Mining Citizen Science Data to Predict Prevalence of Wild Bird Species. In proceedings of the 12th ACM SIGKDD International Conference on Knowledge Discovery and Data Mining (KDD'06).


Train, test and validation set

It is highly recommended to use a separate validation set for tuning α. However, validation set is not directly required for training. One needs to provide some data as a validation set to the train command, but it is used solely for analyzing whether the bagging curve has converged well.


Commands specification

bt_train -t _train_set_ -v _validation_set_ -r _attr_file_ [-a _alpha_value_] [-b _bagging_iterations_] [-i _init_random_] [-m _model_file_name_] [-k _attributes_to_output_] [-o _output_file_name_] [-l log|nolog] [-c rms|roc] [-h _threads_]
O argument description default value
-t _train_set_ training set file name
-v _validation_set_ validation set file name
-r _attr_file_ attribute file name
-a _alpha_value_ parameter that controls max size of tree 0
-b _bagging_iterations_ number of bagging iterations 100
-i _init_random_ init value for random number generator 1
-m _model_file_name_ name of the output file for the model model.bin
-k _attributes_to_output_ number of ranked features to output (-1 = all) 0 (no feature selection)
-o _output_file_name_ name of the output file with the prediction scores on the validation data preds.txt
-l log | nolog amount of log output to stdout log
-c rms|roc performance metric used in the output rms
-h _threads_ number of threads, linux version only 6

Output:

  1. Saves the resulting model into the specified file.
  2. Outputs bagging curve on validation set into bagging_rms.txt (and bagging_roc.txt, if applicable).
  3. Outputs list of k top ranked features with their scores and column numbers into feature_scores.txt. Set k to -1 to rank all features.
  4. Saves the attribute file with only top k features as active. The name of the new file has a suffix ".fs" before the file extension.
  5. Predictions are saved into a specified output file, one prediction value per line.
  6. Training log is saved in log.txt file. If an old log.txt file already exists in the working directory, its contents are appended to logs.archive.txt
  7. If the log flag is on, full log is shown in the standard output. If the log flag is off, standard output shows performance on the validation set only.

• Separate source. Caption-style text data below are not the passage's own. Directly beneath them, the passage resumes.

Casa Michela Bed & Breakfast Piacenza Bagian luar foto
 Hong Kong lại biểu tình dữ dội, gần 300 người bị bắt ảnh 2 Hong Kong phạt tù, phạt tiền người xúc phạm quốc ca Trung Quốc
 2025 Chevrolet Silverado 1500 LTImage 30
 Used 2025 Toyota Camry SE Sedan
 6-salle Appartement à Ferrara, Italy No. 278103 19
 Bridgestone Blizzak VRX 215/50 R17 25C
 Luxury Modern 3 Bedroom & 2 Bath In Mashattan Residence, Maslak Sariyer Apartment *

bt_predict -p _test_set_ -r _attr_file_ [-m _model_file_name_] [-o _output_file_name_] [-l log|nolog] [-c rms|roc]
O argument description default value
-p _test_set_ cases that need predictions
-r _attr_file attribute file name
-m _model_file_name_ name of the input file containing the model model.bin
-o _output_file_name_ name of the output file for predictions preds.txt
-l log | nolog amount of log output to stdout log
-c rms|roc performance metric used in the output rms

Output:

  1. Predictions are saved into a specified output file, one prediction value per line.
  2. If the true values are specified in the test file, performance on the test set is saved to the log.
  3. If the log flag is on, full log is shown in the standard output. If log flag is off, standard output shows only performance on the test set.